The undeclared paid editors then bragged about it in a video now posted on Ad Age. Other news coverage that includes the video are "North Face tried to scam Wikipedia to get its products to the top of Google search" in The Verge and "Wikipedia is mad at The North Face for 'unethically' manipulating pages" in Dazed. The WMF reacted quickly and appropriately with "Let's talk about The North Face defacing Wikipedia".

The North Face's paid editors were honest to the extent that their intentions as stated in the video were perfectly clear. They wanted to use Wikipedia – while avoiding the scrutiny of Wikipedia's editors and administrators – to reach the top of Google searches for images of those outdoor sites for marketing purposes.

They were not honest when they said that they were "collaborating with Wikipedia".

Ad Age, in a new story, reports that The North Face has apologized via twitter:

"We believe deeply in Wikipedia's mission and integrity – and apologise for engaging in activity inconsistent with those principles. Effective immediately, we have ended the campaign and moving forward, we'll strive to do better and commit to ensuring that our teams and vendors are better trained on Wikipedia's site policies."

We hope to hear more from The North Face.

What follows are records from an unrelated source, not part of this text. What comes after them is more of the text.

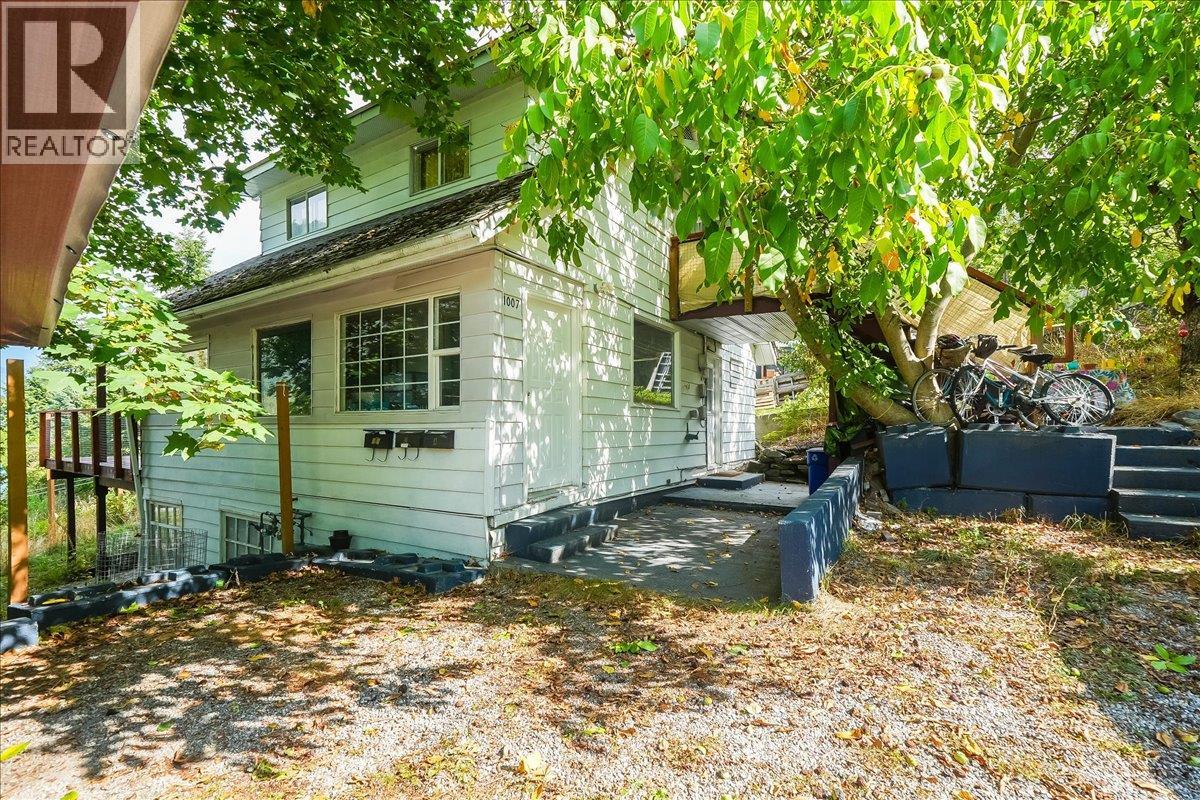 1007 Gordon Street Property Photo 1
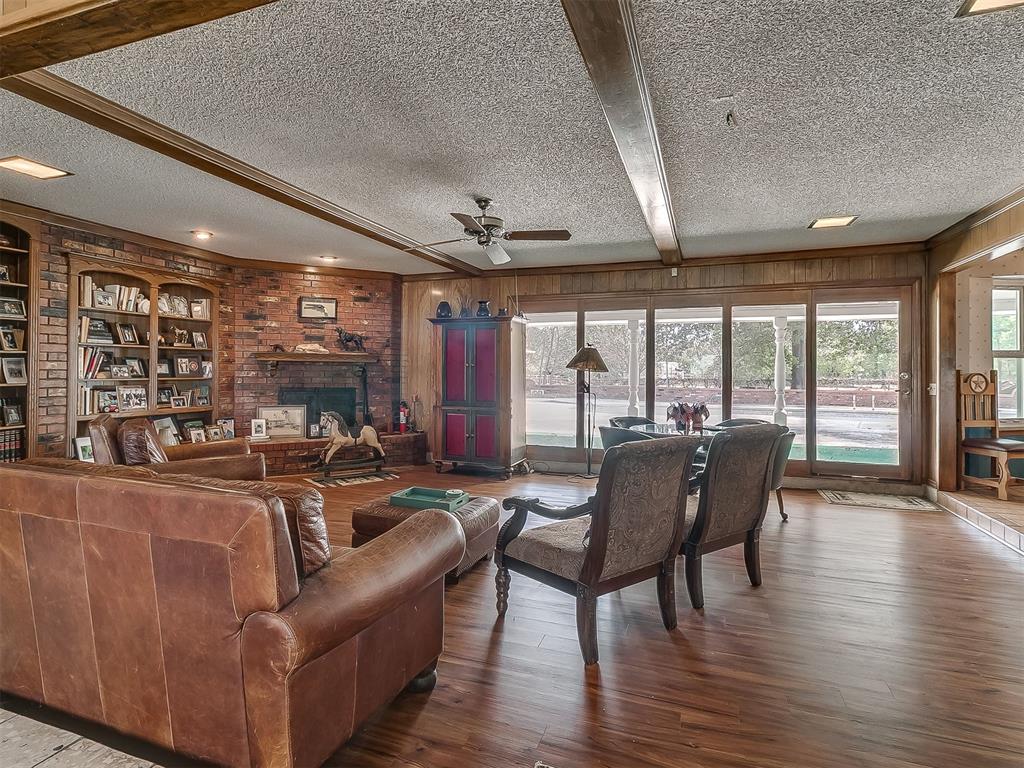 9220 Acre View Drive Property Photo 6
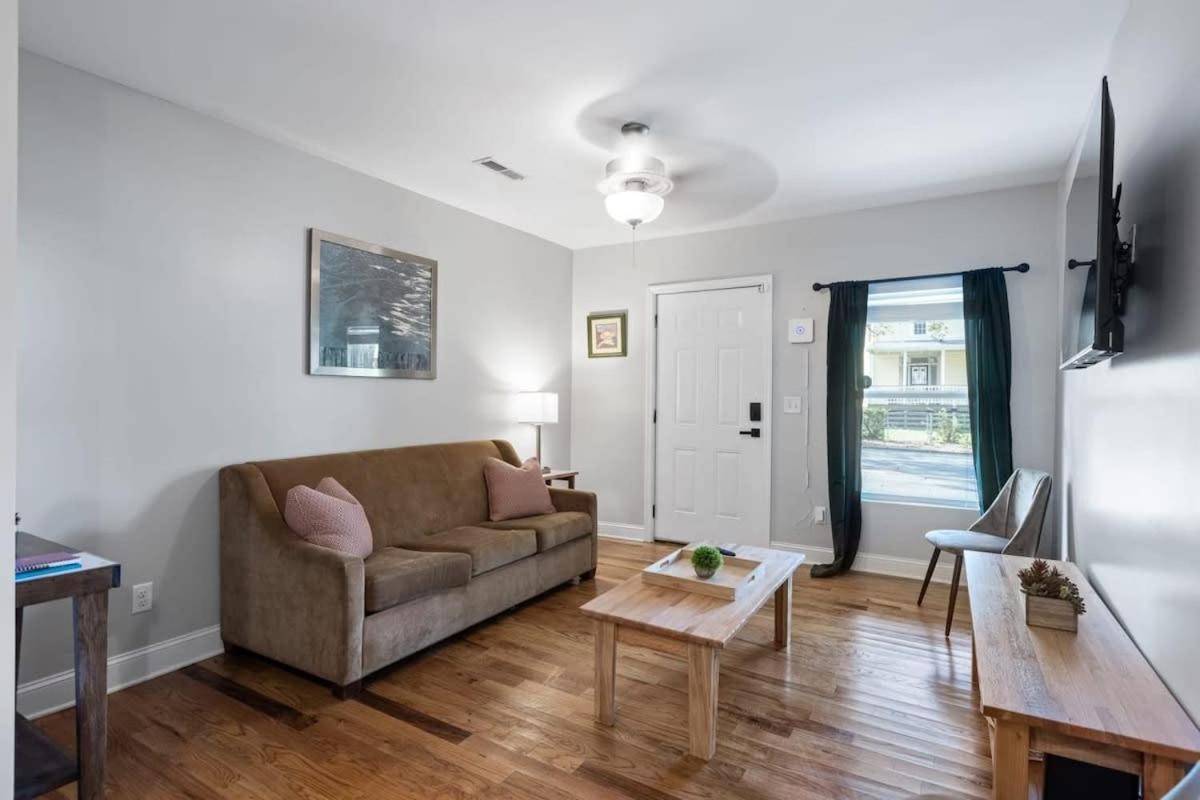 McCallie Dugout- 5 mins to Zoo, 10 Mins to Downtown! - B&B Chattanooga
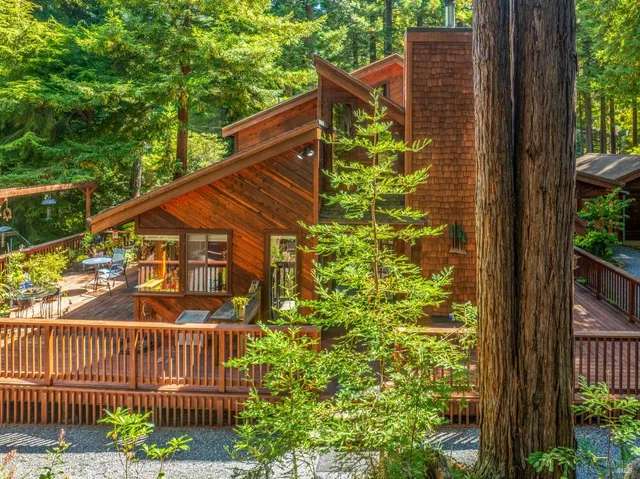 $1,499,000 | 17451 Redwood Springs Drive, Fort Bragg, CA 95437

To mark the fifth anniversary of the terms of use change that banned undeclared paid editing, the next issue of The Signpost will focus on how paid editing affects our encyclopedia. We want to hear from editors, administrators, arbitrators, bureaucrats, WMF employees and board members. We want to hear from all sides of the issue, including those who oppose paid editing, those who support it, and paid editors – both declared and undeclared. And most of all we want to hear from ordinary Wikipedia editors.

We also invite The North Face to publish an apology here, addressed directly to Wikipedia editors and readers.

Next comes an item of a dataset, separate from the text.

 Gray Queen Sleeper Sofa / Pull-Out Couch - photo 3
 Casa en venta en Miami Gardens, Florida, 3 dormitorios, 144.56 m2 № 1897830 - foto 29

We want to know how to fix a system of dealing with paid editors that has not been working very well. We want to know:

  • How paid editing affects your work on Wikipedia.
  • Has the ban on undeclared paid editing affected your ability to add encyclopedic information?
  • Have you interacted with paid editors? How effective has it been?
  • What are your ideas on solving the problem?

Send article length submissions to Signpost/Newsroom/Submissions. If you want to simply write a paragraph, please add it to the comments below. If you want to submit material confidentially, please email me directly.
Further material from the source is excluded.